Una fotografía del entonces presidente Ricardo Lagos entregándole un impecable charango a Bono motivó en el verano de 2006 la explícita molestia del gobierno de Bolivia (“nosotros no nos atreveríamos a enviar un moai como patrimonio”, comparó su viceministro de Cultura). Los símbolos culturales permiten muchas cosas, mas no la ingenuidad.
Gobernar es, entre otras cosas, elegir qué regalar. Para Emmanuel Macron, en visita oficial a Santiago el mes pasado, la decisión fueron discos del conjunto Quilapayún y la cantautora Mon Laferte. Suponemos que los vinilos de Sinfónico (2018) y Autopoiética (2023) se ofrecieron en ese encuentro bilateral como lazos de conexión entre los pueblos de Chile y Francia —sus historias recientes en la solidaridad compartida; sus tendencias actuales, ante un mundo hipercomunicado—, pero también como motivo de orgullo para lo que el gobierno representado en Gabriel Boric comprende es la música chilena de proyección internacional: así sonamos, o es así cómo queremos que la Comunidad Europea nos escuche.
¿Por qué esos discos y no otros? La pregunta parece circunstancial, pero abarca el tema ancho de los esfuerzos oficiales de proyección musical hacia el mundo.
Diversas iniciativas e instituciones con financiamiento público participan de uno u otro modo en conseguir que Chile suene a través del talento de sus músicos y quienes trabajan con ellos (investigadores, productores, maestros): la División de Cultura y Artes de la Cancillería (Dirac), con actividades y recitales en el extranjero; el Fondo de la Música (en algunas de cuyas líneas he participado como evaluadora), con pasajes que facilitan invitaciones de promoción, divulgación o estudios; la marca sectorial Chilemúsica, con la presencia en encuentros regulares para agentes de la industria; y el Observatorio Digital de la Música Chilena (al amparo del Fondo de Bienes Públicos de InnovaChile-CORFO), con estudios y difusión amplia de sus resultados.
Su trabajo es persistente, pero no por eso coordinado, y las pautas de dirección sobre prioridades, énfasis y responsabilidades entre partes no son siempre explícitas.
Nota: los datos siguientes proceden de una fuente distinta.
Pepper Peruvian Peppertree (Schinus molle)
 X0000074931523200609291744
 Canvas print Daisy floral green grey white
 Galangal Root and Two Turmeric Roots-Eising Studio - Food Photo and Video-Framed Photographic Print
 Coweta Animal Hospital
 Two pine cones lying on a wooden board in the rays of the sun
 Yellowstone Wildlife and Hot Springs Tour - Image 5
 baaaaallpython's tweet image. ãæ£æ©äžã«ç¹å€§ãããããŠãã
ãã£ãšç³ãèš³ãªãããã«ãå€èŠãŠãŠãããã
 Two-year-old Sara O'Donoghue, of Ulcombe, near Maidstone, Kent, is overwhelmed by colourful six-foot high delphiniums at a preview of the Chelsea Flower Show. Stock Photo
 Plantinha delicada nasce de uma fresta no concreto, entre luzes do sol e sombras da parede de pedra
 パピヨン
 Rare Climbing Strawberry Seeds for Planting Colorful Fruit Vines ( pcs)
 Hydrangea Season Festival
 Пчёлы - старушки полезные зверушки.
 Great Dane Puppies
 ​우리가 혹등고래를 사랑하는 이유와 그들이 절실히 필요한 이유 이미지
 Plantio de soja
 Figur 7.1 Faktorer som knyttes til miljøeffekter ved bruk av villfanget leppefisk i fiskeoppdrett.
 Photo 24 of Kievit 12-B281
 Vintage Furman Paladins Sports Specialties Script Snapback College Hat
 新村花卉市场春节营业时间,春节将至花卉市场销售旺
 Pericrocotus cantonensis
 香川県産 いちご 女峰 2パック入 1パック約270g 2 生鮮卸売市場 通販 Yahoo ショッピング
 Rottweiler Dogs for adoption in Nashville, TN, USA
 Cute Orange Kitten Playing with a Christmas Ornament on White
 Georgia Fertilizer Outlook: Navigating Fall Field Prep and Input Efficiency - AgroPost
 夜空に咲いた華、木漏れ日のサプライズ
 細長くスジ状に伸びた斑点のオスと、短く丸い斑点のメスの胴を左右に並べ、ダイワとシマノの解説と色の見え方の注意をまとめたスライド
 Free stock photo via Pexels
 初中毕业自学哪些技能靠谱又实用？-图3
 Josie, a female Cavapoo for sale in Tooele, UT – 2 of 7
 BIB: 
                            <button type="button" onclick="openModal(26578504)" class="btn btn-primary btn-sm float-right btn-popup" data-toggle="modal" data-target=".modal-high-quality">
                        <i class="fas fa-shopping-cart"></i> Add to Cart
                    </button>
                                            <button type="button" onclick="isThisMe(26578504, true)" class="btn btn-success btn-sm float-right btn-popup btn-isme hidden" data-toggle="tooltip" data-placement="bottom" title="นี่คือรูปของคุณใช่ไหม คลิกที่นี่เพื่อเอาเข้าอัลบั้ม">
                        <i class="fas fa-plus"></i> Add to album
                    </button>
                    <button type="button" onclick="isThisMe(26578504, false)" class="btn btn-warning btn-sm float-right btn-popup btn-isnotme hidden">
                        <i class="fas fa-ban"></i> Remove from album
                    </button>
Entre los muchos debates pendientes sobre nuestra gestión cultural, el de cómo hacer sonar la música chilena en el mundo parece uno de los más fascinantes.
La aprobación de ambas cámaras del Congreso para una indicación destinada a permitirle seguir estudios de piano en Europa permitió que en marzo de 1911 Claudio Arrau León consiguiera los recursos necesarios para viajar junto a su madre y hermanos hasta Alemania. Un mes antes, el niño había celebrado su octavo cumpleaños. “Es un Mozart en ciernes que honrará a la república, de modo que es necesario que hagamos lo posible porque no se pierda un talento tan precoz”, defendió entonces uno de los firmantes de la iniciativa.
No eran tiempos de Fondart ni auspicios privados, pero hubo un grupo de autoridades atento a su deber de alentar a un pequeño prodigio. La marca que Arrau iba a dejar en la música del siglo XX honró sobre todo a su trabajo y deslumbrante talento, pero también, indirectamente, a un Estado que supo estar a la altura de su responsabilidad con la música nacional. Podríamos habernos jactado de ello ante Macron.